Now here the question is simpler because n=1. So
direct derivation like the way Noel does makes the
best sense and is possible. But when n is arbitrary,
you need more work and that's something you need from
a book like "Introduction to Multivariate Analysis" by
T. Anderson. I am not gonna type the long derivation.
But I believe the solution should be:

(1-2*i*t*s^2)^(-1/2)*exp{i*t*s^2*mu^2*(1-2*i*t*s^2)^(-1)}

--- Noel Vaillant <vaillant@...>
的郵件內容：
---------------------------------
> Can someone show me how to obtain the characteristic
> function for X^2, where X ~ N(mu,sigma^2)?
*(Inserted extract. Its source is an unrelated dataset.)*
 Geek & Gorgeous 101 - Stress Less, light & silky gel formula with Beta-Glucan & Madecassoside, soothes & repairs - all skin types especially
I have never done this calculation before, so my level
of confidence
is not too high, but here is what I would do in the
case when X~N
(0,1) [unfortunately I can easily extend it to
N(0,s^2), but I don't
have an answer for the general case N(m,s^2)]

Given u in R, we want E[exp(iuX^2)] where X~N(0,1),
i.e. we want the
integral:

I=(1/sqrt(2pi))int_R exp(iux^2-x^2/2)dx
=(1/sqrt(2pi))int_R exp(-cx^2/2)dx

where c is the complex number c=1-2iu. Using Fubini
theorem, we have:

I^2=(1/2pi)int_R^2 exp(-c(x^2+y^2)/2)dxdy

and after switching to polar coordinates and
integrating w.r. to the
angle:

I^2=int_0^+oo rexp(-cr^2/2)dr=1/c=(1+2iu)/(1+4u^2) (*)

The complex number 1+2iu has two roots:

+ or - [((q(u)+1)/2)^(1/2)+isgn(u)((q(u)-1)/2)^1/2]
(**)

where q(u)=sqrt(1+4u^2) and sgn(u)=u/|u| (for u<>0) is
the sign of u.

It is not too difficult to convince yourself that for
u>0, the
imaginary part of I should be positive. From this fact
and (*) and
(**) we obtain:

I=(1/q(u))[((q(u)+1)/2)^(1/2)+isgn(u)((q(u)-1)/2)^1/2]

I am sorry I can't do better that this for the time
being.

Regards Noel.